|Published on 28-Mar-22 at 14:11 | Last updated on 2-May-22 at 13:09|
The modern aviation field has seen a lot of change since its beginning approximately 120 years ago. Advancements such as transatlantic flight and the development of avionics technologies and composite materials have changed how we think about aviation and how we envision its limits. Advanced aviation technologies such as remotely piloted aircraft systems (i.e., “drones”) and urban air mobility may be the next big shift in the aviation industry. While those with experience in aviation and STEM generally have a positive outlook towards advanced aviation technologies, the views of the general public are less understood. The objective of Dr. Tepylo’s work is to investigate how the public views emerging technologies such as drones and urban air mobility and to evaluate how their perception may be influenced by external sources of information such as the perceived risk-benefit ratio of a particular application or even how technologies are portrayed by the media. Their research team has generated a survey aiming to collect information on the Canadian public’s perception of new aviation technologies, particularly, their awareness, concerns, anticipated uses, and level of support.
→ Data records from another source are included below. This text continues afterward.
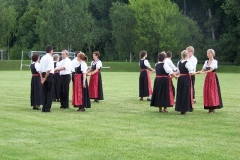 2011 - Sommerfest 19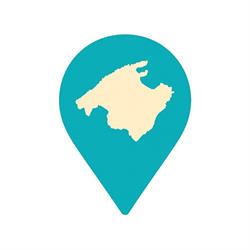 Mallorca Map en Palma de Mallorca (Platja De Palma) - Horario de apertura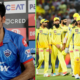 MI vs CSK IPL 2026: Mohammad Kaif ने बताया किसका पलड़ा भारी — Sanju Samson पर CSK की निर्भरता बनेगी कमज़ोरी?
On Friday, April 22nd, 2022, Dr. Tepylo’s talk presented the idea that public perception of technology is a greater barrier to overcome than the development of the technology itself and apply this idea to remotely piloted aircraft systems and urban air mobility. The key topics addressed are the perception of commercial aviation and flight behaviours, feelings toward autonomous technologies in different applications, evaluation of risk through different environmental and security factors, and lastly, an exploration of the transportation needs of members of the public and how they would plan to incorporate urban air mobility into their lives. Finally, a framework for disseminating survey results was presented.
Bio: Dr. Nick Tepylo is Postdoctoral Fellow in the Department of Mechanical and Aerospace Engineering at Carleton University. He earned his PhD in 2021 from Carleton University and Institut National des Sciences Appliquées de Toulouse (INSA-Toulouse) in France. Nick also holds a B.Eng. and M.A.Sc. from Carleton University and his research efforts are focused in the areas of design and societal integration of advanced aviation technologies, ice protection system development, coating design and evaluation, additive manufacturing technologies, and human factors engineering. Nick became interested in aviation at a young age which led him to obtain a pilot’s license and become an aviation instructor. He aspires to become a professor of aerospace engineering whose research will improve safety in the aviation industry. When Nick is not working, he likes to spend time outdoors enjoying running, cycling, and hiking.